Il licenziamento discriminatorio è descritto nell’art.3 della legge 108/1990. In questo caso il licenziamento intimato al lavoratore è nullo indipendentemente dalla motivazione formalmente addotta dal datore di lavoro. Prima della riforma il licenziamento discriminatorio
comportava la reintegrazione nel posto di lavoro e il risarcimento integrale del danno anche al di fuori del campo di applicazione dell’art.18 dello Statuto.
Tutti i lavoratori, anche quelli occupati in aziende con meno di 15 dipendenti e anche i dirigenti, erano protetti alla stesso modo contro il licenziamento discriminatorio.
La sanzione rimane quella della reintegrazione con risarcimento integrale, in misura pari alla mensilità della retribuzione globale di fatto che questi avrebbe percepito dalla data del licenziamento nullo a quella della effettiva reintegrazione, comprensive dei contributi previdenziali e assistenziali, dedotto solo quanto eventualmente percepito per lo svolgimento di altre attività lavorative.
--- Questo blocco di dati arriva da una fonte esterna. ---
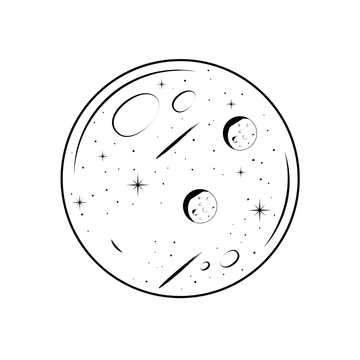 Free Hand-Drawn Moon Clipart to Edit Online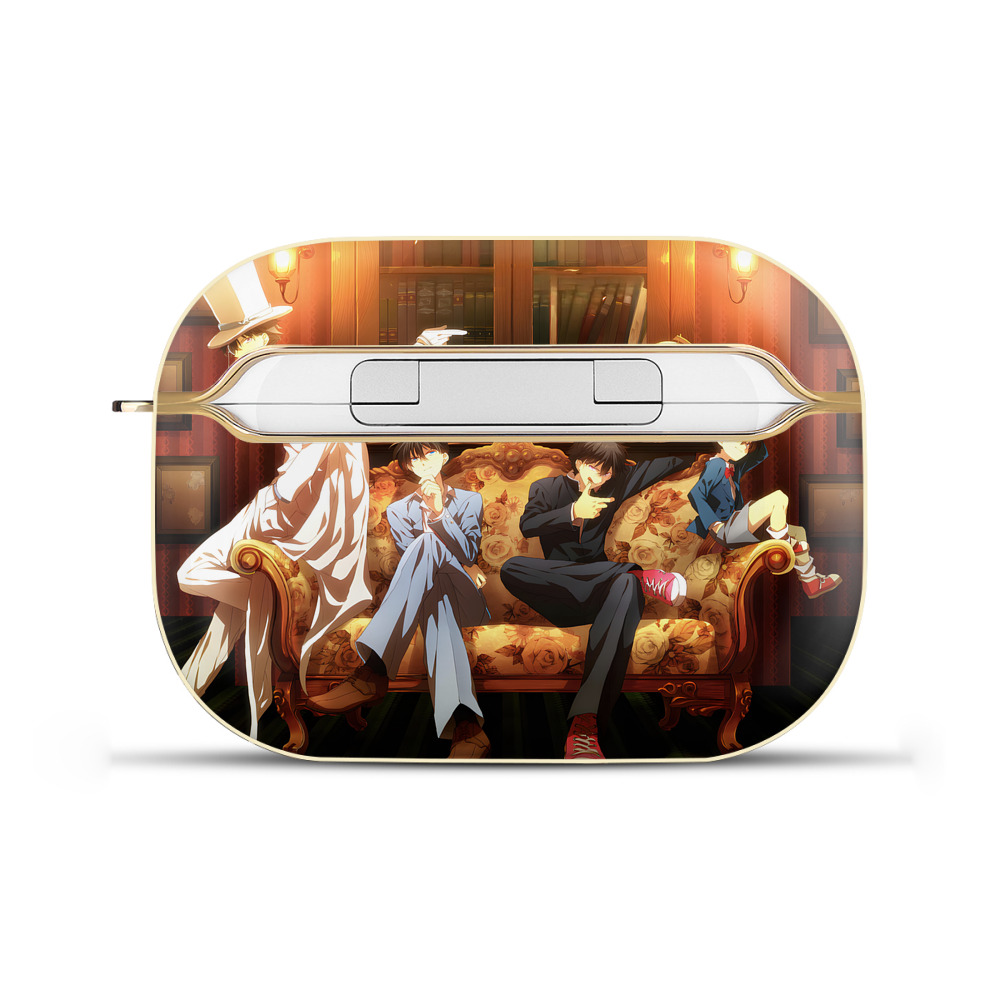 （画像用） 名探偵コナン Detective Conan 【AirPods Pro用】ハードシェル保護ケース｜耐衝撃・防指紋・カラビナ付き商品仕様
Resta la misura minima del risarcimento, che non potrà in ogni caso risultare inferiore a cinque mensilità di retribuzione.
Al licenziamento discriminatorio sono equiparati, quanto a conseguenze sanzionatorie, il licenziamento orale e altre tipologie di licenziamento dichiarato nullo in quanto:
· Intimato in concomitanza di matrimonio o in violazione dei divieti di licenziamento posti a tutela della maternità e paternità;
· Determinato da motivo illecito determinante;
· Riconducibile ad altri casi di nullità previsti dalla legge.
Le discriminazioni restano punite con la restituzione del posto e il risarcimento.
Dopo l’ordine di reintegrazione il rapporto di lavoro si intende risolto se il lavoratore non riprende servizio entro 30 giorni dall’invito del datore di lavoro.